What will the Saudis do without the expat workforce? What will happen when all the expats leave? Will Saudi Arabia lose all its lively diversities? Are Saudis up to the task? Are they disciplined enough to take up the challenge to do what others have been doing for them for so long? Very demanding questions for an untried society that has long been accustomed to let the foreigners do most of the work for it.
While Saudi Arabia does not have a dominant expatriate workforce, unlike some other Gulf countries, the numbers are nonetheless significant to have influenced the government to implement a series of measures to free up employment opportunities to more Saudi nationals.
With the expatriate dependent tax increasing annually, it is sure to challenge the most arduous of foreign workers who want to stay in Saudi Arabia and keep their families and loved ones close to them. Most of these foreign workers had brought their families when their children were very young and for many of these children, Saudi Arabia was the only country they had known and come to call “home”.
I had a chance to study the likely scenario in a work titled ‘Post 2017 readings’. It delves into what could be the situation in the months and years ahead. Experts predict that the economic crisis experienced by Saudi Arabia due to the decline in international oil prices and the war in Yemen will cause huge changes in the population structure in the Kingdom. The most important of these is the departure of a sizeable number of foreigners by the first quarter of 2018, who cannot cope with the large fees imposed by the Kingdom on dependents and escorts [of foreigners].

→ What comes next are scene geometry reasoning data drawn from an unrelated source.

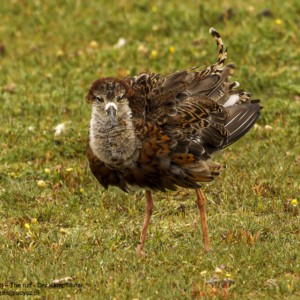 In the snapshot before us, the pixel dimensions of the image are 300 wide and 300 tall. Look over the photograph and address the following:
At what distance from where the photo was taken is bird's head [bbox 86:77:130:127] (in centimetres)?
591

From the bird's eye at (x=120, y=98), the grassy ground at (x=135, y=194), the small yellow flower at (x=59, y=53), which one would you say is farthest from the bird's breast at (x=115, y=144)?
the small yellow flower at (x=59, y=53)

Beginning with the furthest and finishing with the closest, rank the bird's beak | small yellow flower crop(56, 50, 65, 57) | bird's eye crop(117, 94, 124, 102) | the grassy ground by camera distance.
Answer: small yellow flower crop(56, 50, 65, 57) < bird's eye crop(117, 94, 124, 102) < the bird's beak < the grassy ground

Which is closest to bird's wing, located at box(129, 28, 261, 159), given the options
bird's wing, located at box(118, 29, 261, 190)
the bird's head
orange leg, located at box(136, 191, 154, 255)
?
bird's wing, located at box(118, 29, 261, 190)

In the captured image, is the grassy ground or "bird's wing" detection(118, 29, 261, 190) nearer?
the grassy ground

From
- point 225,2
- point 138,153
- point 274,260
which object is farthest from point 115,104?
point 225,2

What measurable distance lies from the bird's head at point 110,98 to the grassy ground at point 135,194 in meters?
1.59

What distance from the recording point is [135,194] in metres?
7.70

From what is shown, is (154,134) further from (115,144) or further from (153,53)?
(153,53)

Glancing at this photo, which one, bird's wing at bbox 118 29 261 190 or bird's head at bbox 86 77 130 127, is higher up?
bird's head at bbox 86 77 130 127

Some 165,000 foreigners are expected to leave the country by the end of this year — most of them single earners, who will find it difficult to cope with the cost of living. Other fees and taxes that the state may seek to impose on them will be raised simultaneously with subsidies lifted on fuel, electricity, cooking gas, bread, baby milk and medicines. By July 2019, foreigners with high salaries and families of not more than four members are the ones who will remain in the country.
Of course, this outbound migration is expected to affect several commercial sectors in the country, the first of which are the companies of nutrition, catering and pledges, some of which may collapse completely if they cannot withstand the economic shock in the first two years.
The impact from the first half of this year will take its toll on the real estate market as rents are expected to fall to 50 per cent or even lower from their current levels, followed by decline in revenues generated by transport and relocation companies, airlines, construction companies and car dealerships.
The economic forecast is gloomy not only for expatriates but is likely to affect even some Saudi families, who may opt to remove their children from private schools and admit them into public schools to cut costs, look for cheaper housing with limited advantages, or move from villas to apartments. There will also be a pile of new vehicles at the dealerships; the used-car market will rebound and prices will fall too much.
The impact of the crisis at the end of this year will extend to almost all businesses. Hundreds of companies and institutions with sizeable expatriate employees will be forced to close down.
At the beginning of next year, it is predicted that many of the foreigners will not be able to afford high electricity, water and gasoline bills. These will be subsidised for Saudi citizens only. Foreigners will therefore be forced to look for solutions such as renting homes with Saudis or transferring ownership of their cars to citizens. Dozens and perhaps hundreds of branches of foreign private restaurants and fast food outlets manned by lower-paid expatriate workers may be closed down due to lack of customers.
By the end of next year, one upside of such a tectonic shift in employment patterns and a deflationary trend in the economy will be the rise in the number of Saudi women employees. The nationals will begin to partially adjust to the situation by the beginning of 2020 and Saudis will be seen working a lot more in areas and activities that they have hitherto not been involved in.
This is just one perspective based on current projections.
As a Saudi, I have often been asked what would I do different. My answer? Allow long-term and worthy expatriates to apply for citizenship or grant them permanent residency. The country has been built on this formula, so why mess with it now?